◆ Task objective: Leave out all pictures. Extract exactly the lines from the one containing "THIS IS MINE - Aft deck" through the end of the data.

◆ Raw data:
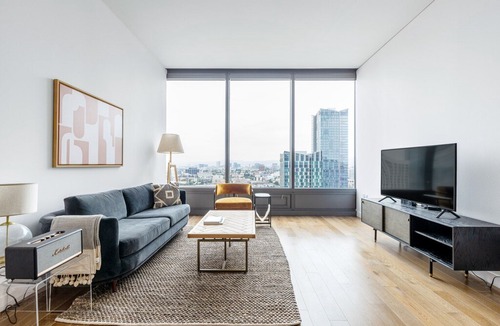 Downtown Los Angeles Apartment | Dreamy Downtown 1BR w/ Gym, Doorman, near Metro Center, by Blueground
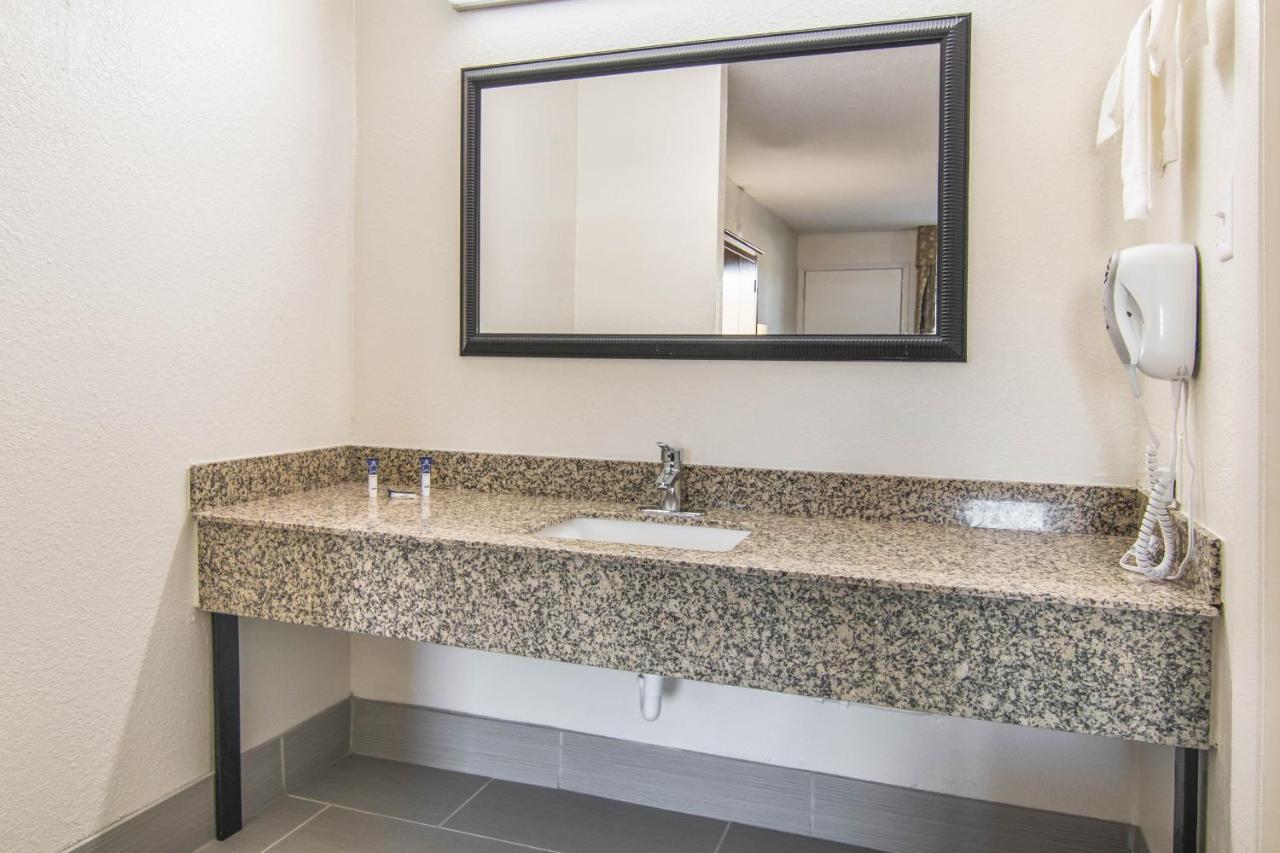 Americas Best Value Inn Perry Eksteriør billede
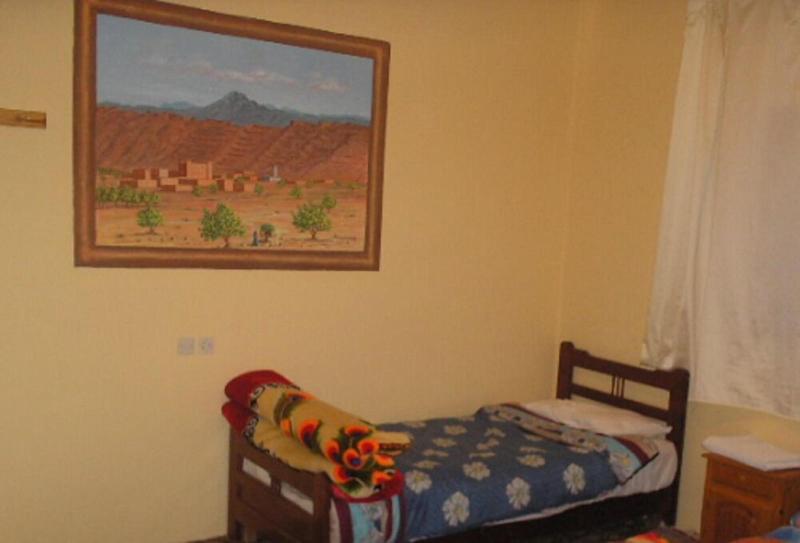 Double or Twin WITH DOUBLE BED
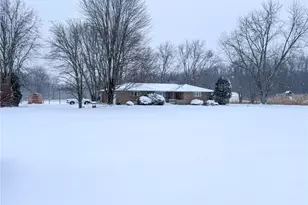 594 Center St W, Warren, OH 44481 - Photo 2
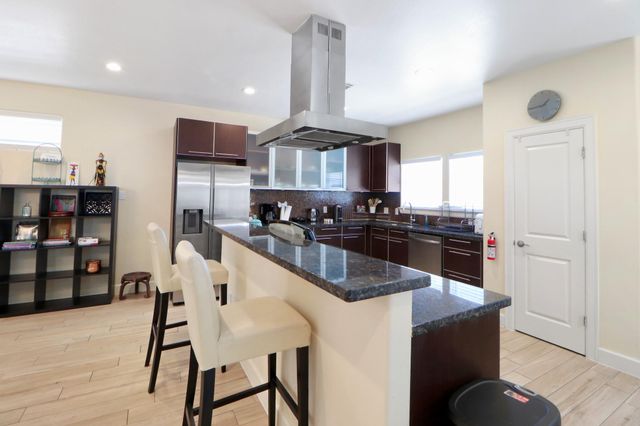 3045 Clinton Drive, Houston, TX 77020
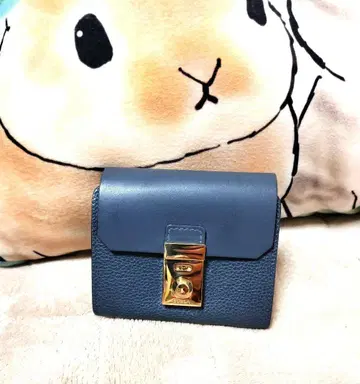 정품 FURLA 네이비 가죽 이단 접이식 지갑 골드 금장 장식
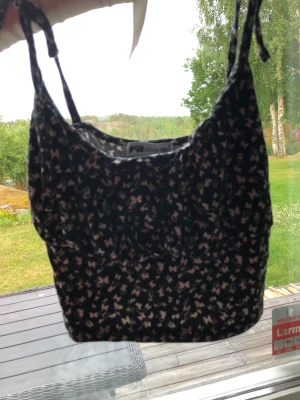 En topp från new yorker - En topp från new yorker i storlek xxs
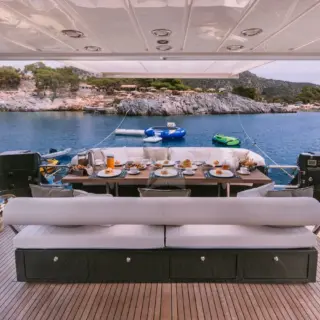 THIS IS MINE - Aft deck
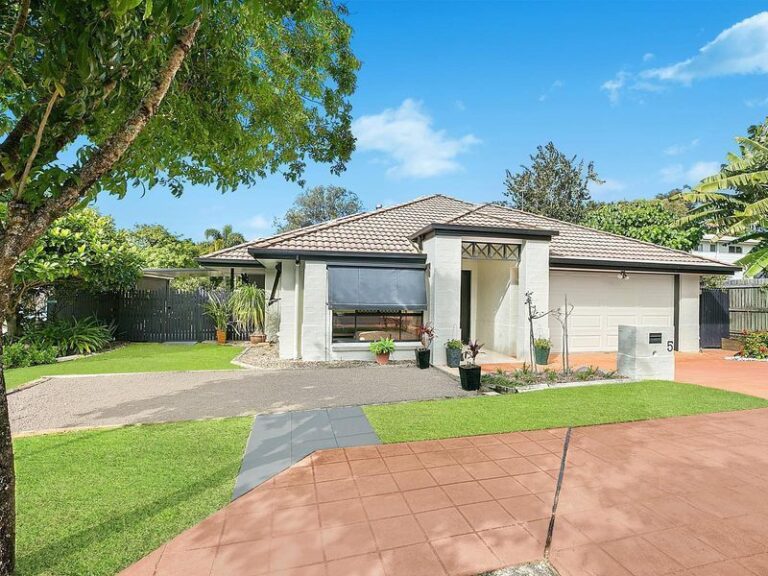 Sold - 5 Manor Lane - New Property in BUDERIM - Real Estate by Stuart Thomas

◆ Worked solution:
 THIS IS MINE - Aft deck
 Sold - 5 Manor Lane - New Property in BUDERIM - Real Estate by Stuart Thomas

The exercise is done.